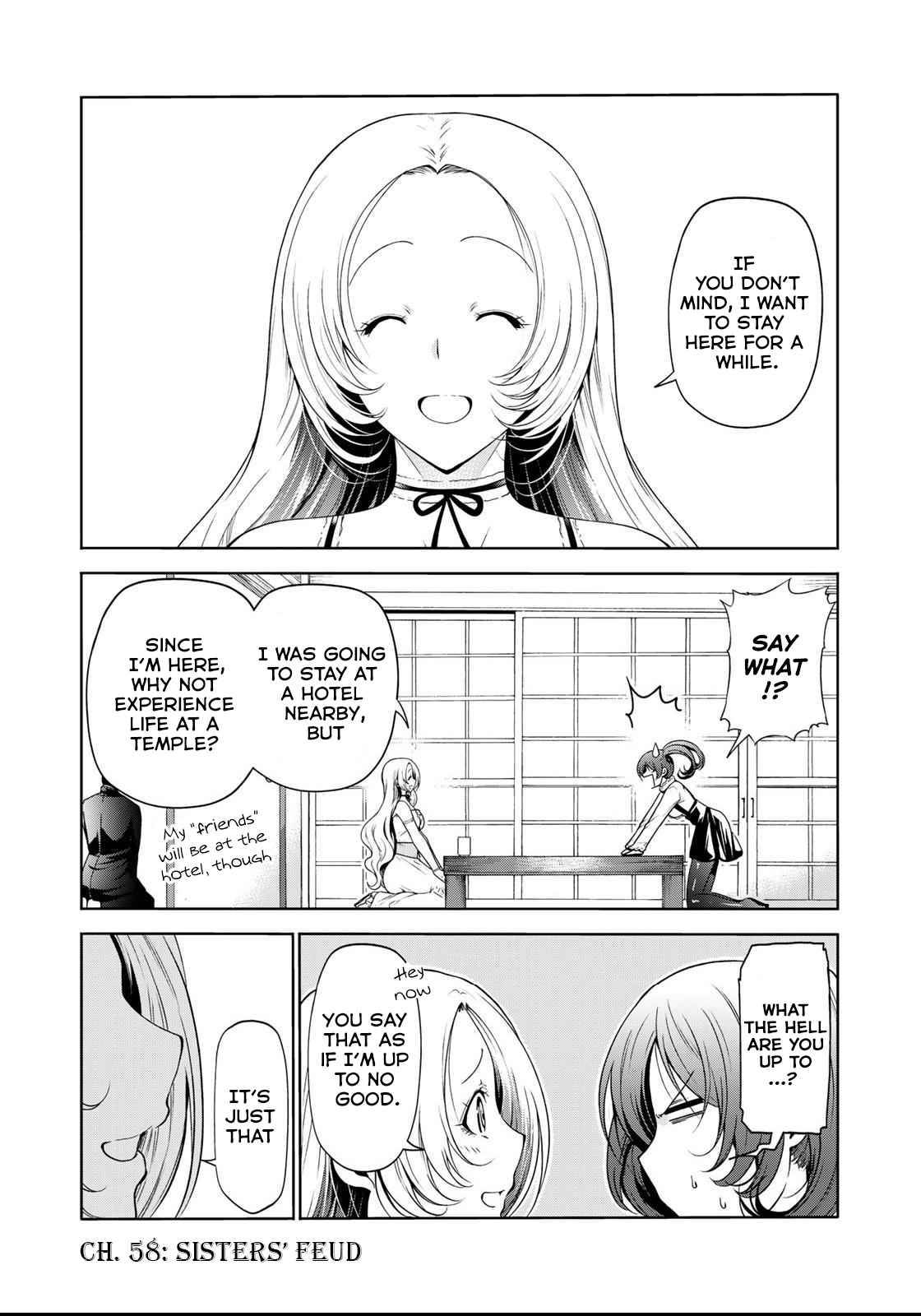 Temple chapter 58 page 2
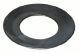 Oil Slinger For Crankshaft VW Dune Buggy Bug Ghia Bus Thing 113-105-241A 98-1541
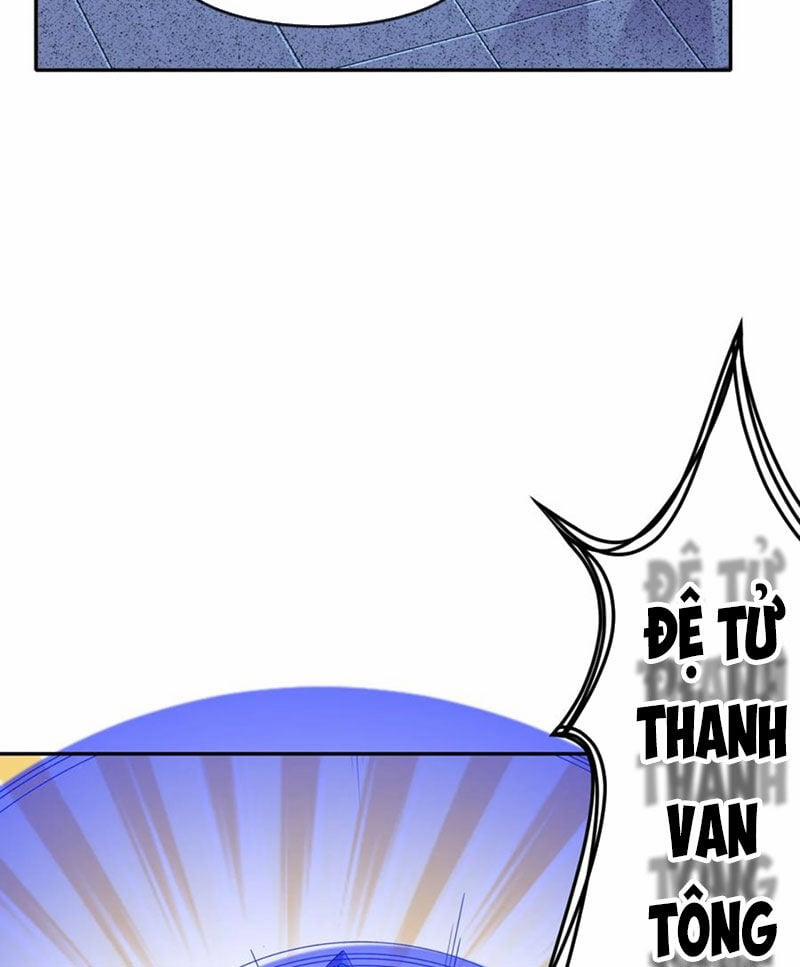 Tuyệt Sắc Đạo Lữ Đều Nói Ngô Hoàng Thể Chất Vô Địch 110 trang 20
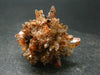 Fine Creedite Cluster From Mexico - 1.5"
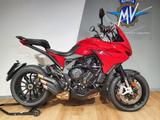 MV Agusta Turismo Veloce 800 R - MV AGUSTA TURISMO VELOCE 800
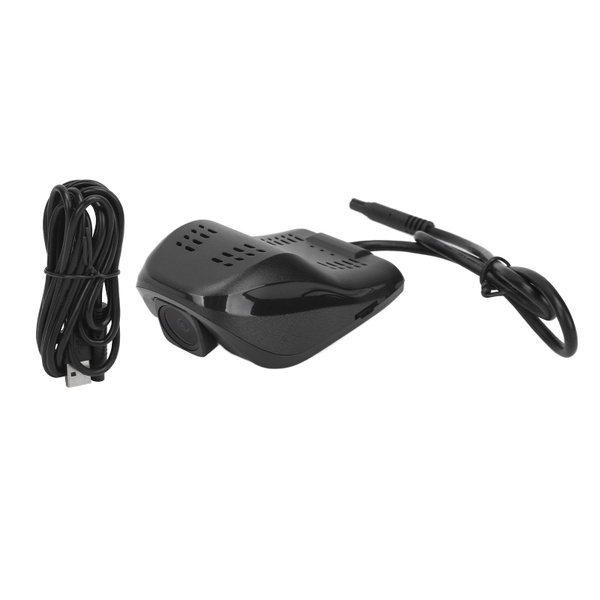 Мини-видеорегистратор 1080P USB DVR высокой четкости с циклической ...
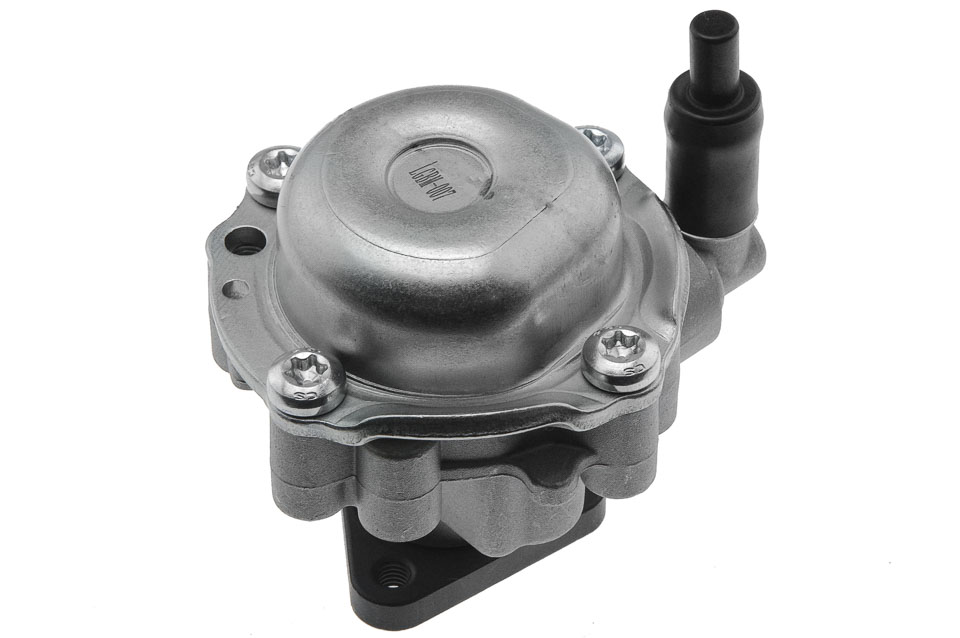 Stuurbekrachtiging pomp - NTY - (Bmw 3-Serie E46) - OEM: 32416750423 / 32416760036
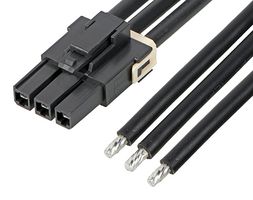 MOLEX 216401-1031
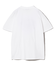 Tシャツ＜ヴァンガーズ＞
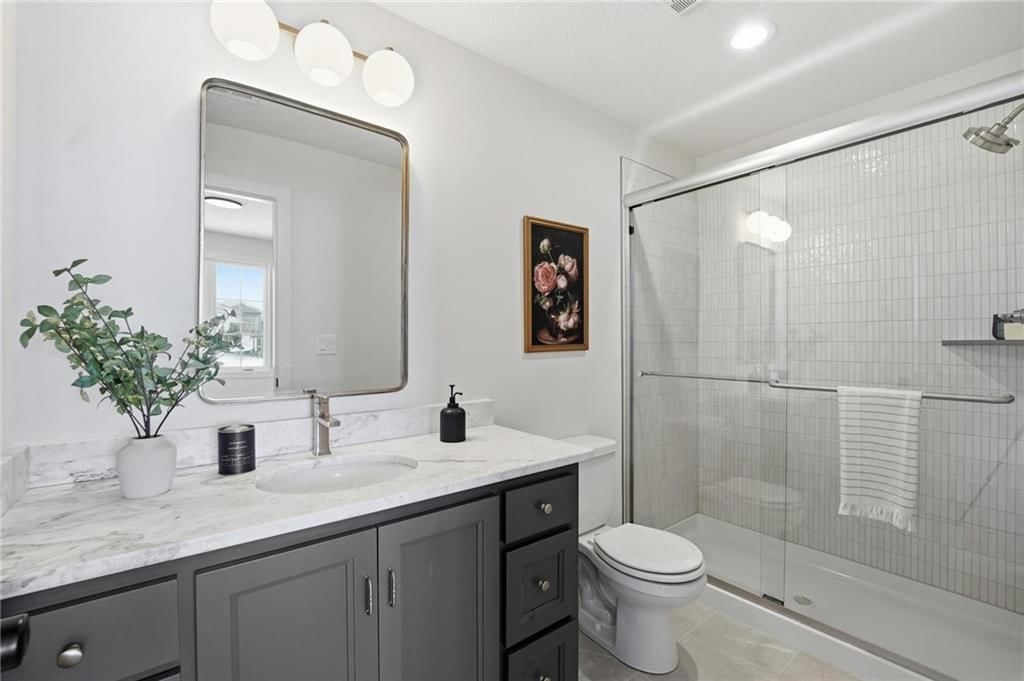 12403 W 182nd Court — photo 45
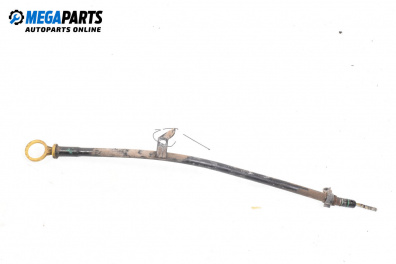 Щека за масло за Saab 9-3 Sedan (09.2002 - 02.2015) 2.0 t, 175 к.с.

[What is expected]: Quote only the lines that start at the line holding "Stuurbekrachtiging pomp - NTY" and end at the last line of the entries, including both of those lines, and omit every picture.

[Your response]:
 Stuurbekrachtiging pomp - NTY - (Bmw 3-Serie E46) - OEM: 32416750423 / 32416760036
 MOLEX 216401-1031
 Tシャツ＜ヴァンガーズ＞
 12403 W 182nd Court — photo 45
 Щека за масло за Saab 9-3 Sedan (09.2002 - 02.2015) 2.0 t, 175 к.с.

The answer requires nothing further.